C2_Scientist on Tue Feb 09, 2016 1:39 pm
While I could be wrong, I'm thinking that we shouldn't look at the total faces count, but the total vertex count:
1400 x 1 triangle = 1400 x 3 vertices = 4200 vertices
1000 x 2 triangles = 1000 x 4 vertices = 4000 vertices
640 x 4 triangles = 640 x 6 vertices = 3840 vertices
The numbers don't match
exactly, but that's because the tree counts are really only close estimates.

I think they're in the ballpark anyway.
If you create a triangle, that's 3 vertices. Expanding to a rectangle requires only one additional vertex, so your faces count has become 200%, but the vertex count has only become 133%. Each new face costs only one vertex after the initial cost of 3, as long as they're all connected. That's why single triangle trees aren't very efficient use of the limits we have, but it's unavoidable if you absolutely want to maximize the number of separate trees.
On the other hand, the long, fake forest edges I've used are very efficient, in terms of vertex count, and the number of trees present per vertex cost.

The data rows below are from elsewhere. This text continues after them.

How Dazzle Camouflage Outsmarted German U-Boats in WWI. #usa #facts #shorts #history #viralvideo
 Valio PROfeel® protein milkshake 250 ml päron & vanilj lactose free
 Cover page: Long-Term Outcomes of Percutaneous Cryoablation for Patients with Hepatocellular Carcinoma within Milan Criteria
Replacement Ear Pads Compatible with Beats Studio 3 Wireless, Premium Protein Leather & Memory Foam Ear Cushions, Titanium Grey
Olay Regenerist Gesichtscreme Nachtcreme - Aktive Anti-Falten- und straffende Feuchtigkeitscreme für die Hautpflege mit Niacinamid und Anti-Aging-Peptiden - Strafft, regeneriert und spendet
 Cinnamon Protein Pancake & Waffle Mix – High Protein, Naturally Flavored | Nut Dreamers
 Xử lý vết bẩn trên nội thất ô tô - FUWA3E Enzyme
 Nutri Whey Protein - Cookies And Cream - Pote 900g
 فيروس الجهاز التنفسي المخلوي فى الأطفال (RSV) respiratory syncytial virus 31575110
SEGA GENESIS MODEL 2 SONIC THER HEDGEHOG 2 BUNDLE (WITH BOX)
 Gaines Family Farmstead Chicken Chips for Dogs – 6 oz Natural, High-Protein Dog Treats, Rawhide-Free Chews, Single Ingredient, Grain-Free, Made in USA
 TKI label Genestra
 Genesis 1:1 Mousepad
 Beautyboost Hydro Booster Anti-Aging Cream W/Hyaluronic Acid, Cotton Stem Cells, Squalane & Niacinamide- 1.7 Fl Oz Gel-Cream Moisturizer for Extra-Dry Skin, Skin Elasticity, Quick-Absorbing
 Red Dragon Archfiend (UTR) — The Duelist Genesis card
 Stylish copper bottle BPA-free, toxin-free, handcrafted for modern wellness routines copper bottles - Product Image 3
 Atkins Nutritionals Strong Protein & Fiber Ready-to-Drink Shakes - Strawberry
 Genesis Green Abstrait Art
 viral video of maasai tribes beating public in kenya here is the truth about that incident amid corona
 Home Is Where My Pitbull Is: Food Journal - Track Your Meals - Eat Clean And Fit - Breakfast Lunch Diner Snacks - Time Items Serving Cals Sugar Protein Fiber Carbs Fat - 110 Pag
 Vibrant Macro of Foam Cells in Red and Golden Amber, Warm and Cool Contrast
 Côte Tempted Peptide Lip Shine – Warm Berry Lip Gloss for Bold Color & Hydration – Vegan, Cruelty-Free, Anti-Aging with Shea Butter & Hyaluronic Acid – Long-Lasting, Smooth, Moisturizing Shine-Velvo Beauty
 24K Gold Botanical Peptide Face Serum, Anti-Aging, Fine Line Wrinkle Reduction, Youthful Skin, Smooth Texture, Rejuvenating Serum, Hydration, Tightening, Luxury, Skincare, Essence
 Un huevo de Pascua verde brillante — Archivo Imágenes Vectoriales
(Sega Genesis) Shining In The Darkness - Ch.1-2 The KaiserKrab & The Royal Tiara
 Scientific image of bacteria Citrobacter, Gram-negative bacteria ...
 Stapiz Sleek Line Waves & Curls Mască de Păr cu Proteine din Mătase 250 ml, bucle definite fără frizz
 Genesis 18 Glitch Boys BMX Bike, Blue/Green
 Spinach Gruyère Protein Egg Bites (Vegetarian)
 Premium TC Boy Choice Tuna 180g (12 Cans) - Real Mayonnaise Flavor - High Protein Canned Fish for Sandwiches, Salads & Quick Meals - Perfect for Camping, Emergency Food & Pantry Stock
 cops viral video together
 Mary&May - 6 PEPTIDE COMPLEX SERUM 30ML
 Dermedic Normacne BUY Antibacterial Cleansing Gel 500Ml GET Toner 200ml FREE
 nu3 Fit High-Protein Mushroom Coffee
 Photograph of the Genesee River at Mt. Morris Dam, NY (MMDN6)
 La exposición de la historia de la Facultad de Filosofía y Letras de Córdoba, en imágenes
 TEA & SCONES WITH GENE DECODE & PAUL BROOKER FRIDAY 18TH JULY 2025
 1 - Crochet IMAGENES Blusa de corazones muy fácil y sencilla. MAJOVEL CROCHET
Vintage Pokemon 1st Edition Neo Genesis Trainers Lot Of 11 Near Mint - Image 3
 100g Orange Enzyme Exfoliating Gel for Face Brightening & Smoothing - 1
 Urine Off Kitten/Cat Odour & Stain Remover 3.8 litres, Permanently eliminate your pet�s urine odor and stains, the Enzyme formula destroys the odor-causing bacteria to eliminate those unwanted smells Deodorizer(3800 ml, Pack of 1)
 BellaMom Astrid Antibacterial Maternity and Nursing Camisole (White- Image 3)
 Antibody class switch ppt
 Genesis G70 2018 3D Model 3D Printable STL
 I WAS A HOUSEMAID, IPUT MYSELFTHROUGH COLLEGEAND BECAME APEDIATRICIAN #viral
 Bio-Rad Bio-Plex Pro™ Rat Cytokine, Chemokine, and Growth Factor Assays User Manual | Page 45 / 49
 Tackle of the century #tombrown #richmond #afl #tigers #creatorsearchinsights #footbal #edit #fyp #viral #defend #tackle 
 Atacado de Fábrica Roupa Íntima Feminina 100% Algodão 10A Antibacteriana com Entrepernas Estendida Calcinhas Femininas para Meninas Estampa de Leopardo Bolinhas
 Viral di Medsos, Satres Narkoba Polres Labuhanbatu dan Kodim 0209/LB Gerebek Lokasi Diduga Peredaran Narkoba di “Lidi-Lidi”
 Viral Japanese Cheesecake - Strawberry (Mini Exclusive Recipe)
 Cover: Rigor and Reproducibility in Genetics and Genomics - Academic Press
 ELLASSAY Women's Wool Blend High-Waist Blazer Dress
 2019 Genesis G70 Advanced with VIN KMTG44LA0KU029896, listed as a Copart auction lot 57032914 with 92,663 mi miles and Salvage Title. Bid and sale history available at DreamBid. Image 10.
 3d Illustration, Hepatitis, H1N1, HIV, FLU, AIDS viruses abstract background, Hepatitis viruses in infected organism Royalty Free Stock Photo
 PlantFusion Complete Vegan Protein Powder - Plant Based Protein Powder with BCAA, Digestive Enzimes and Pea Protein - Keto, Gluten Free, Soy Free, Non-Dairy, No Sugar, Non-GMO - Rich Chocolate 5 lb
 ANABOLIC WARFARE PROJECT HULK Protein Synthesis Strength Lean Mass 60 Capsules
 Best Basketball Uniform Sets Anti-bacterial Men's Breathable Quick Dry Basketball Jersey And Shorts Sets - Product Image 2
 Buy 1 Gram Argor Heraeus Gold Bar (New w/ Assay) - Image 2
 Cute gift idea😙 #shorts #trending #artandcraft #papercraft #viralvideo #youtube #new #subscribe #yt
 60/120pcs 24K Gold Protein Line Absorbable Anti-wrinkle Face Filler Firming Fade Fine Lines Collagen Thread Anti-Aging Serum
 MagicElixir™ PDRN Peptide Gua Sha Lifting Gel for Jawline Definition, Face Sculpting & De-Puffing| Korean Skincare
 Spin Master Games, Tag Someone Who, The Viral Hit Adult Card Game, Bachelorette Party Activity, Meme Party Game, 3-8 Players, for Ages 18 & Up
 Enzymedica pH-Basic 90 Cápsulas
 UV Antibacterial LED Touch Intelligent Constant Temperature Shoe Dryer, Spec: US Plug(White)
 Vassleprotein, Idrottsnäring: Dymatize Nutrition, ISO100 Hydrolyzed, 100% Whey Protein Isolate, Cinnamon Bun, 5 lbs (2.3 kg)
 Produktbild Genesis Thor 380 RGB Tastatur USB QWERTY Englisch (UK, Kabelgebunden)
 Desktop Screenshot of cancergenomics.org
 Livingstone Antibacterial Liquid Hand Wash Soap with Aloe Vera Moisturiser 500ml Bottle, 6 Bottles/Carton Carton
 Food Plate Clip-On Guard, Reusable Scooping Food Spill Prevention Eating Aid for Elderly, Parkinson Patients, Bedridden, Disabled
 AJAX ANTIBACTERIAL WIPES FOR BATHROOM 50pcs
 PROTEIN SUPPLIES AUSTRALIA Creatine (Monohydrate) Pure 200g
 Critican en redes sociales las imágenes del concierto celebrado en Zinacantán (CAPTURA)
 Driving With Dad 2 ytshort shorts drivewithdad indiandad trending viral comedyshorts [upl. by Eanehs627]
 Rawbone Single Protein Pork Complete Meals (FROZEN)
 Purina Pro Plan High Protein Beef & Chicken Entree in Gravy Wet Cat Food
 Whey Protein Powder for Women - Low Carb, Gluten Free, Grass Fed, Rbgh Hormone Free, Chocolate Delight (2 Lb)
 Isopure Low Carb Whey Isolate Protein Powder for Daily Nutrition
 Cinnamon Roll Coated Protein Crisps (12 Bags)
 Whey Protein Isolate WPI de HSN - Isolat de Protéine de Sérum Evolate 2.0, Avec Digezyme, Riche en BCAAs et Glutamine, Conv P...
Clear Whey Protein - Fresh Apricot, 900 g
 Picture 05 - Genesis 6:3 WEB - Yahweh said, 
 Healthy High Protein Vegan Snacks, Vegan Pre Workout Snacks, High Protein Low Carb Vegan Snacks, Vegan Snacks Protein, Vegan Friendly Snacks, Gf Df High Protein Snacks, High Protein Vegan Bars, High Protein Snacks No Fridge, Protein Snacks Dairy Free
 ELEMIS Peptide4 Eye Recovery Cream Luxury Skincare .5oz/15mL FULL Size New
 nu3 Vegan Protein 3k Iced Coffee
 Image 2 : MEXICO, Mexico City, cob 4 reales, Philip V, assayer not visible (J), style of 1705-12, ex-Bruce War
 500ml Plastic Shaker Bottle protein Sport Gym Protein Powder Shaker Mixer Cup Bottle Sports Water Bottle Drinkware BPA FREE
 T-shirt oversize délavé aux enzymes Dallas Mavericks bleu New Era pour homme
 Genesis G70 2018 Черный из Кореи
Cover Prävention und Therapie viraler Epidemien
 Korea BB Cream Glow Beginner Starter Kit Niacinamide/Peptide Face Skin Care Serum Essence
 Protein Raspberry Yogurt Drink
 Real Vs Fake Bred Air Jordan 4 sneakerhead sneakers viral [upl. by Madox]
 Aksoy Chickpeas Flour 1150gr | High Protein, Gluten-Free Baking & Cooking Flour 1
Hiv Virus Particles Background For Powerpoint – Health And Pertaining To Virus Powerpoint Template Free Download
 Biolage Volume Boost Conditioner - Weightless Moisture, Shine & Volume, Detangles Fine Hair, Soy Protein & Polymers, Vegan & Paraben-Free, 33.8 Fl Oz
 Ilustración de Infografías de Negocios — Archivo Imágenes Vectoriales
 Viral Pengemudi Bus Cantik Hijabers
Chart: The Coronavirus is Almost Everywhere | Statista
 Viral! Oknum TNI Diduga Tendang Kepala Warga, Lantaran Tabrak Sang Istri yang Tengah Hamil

Additionally, remember that the vertex count will increase if you break the UV mapping and/or smoothing groups. In fact, I just tested this with the 100 triangle planes I mentioned above; I selected roughly half of the squares, in a checker pattern, and assigned them their own smoothing group. This reduced the number of visible planes in-game to ~ 28 planes, down from 45. The number of faces (before the disappearance takes place) was the same, but the vertex count had increased due to breaking SGs. The outcome was identical if I broke the UV mapping instead.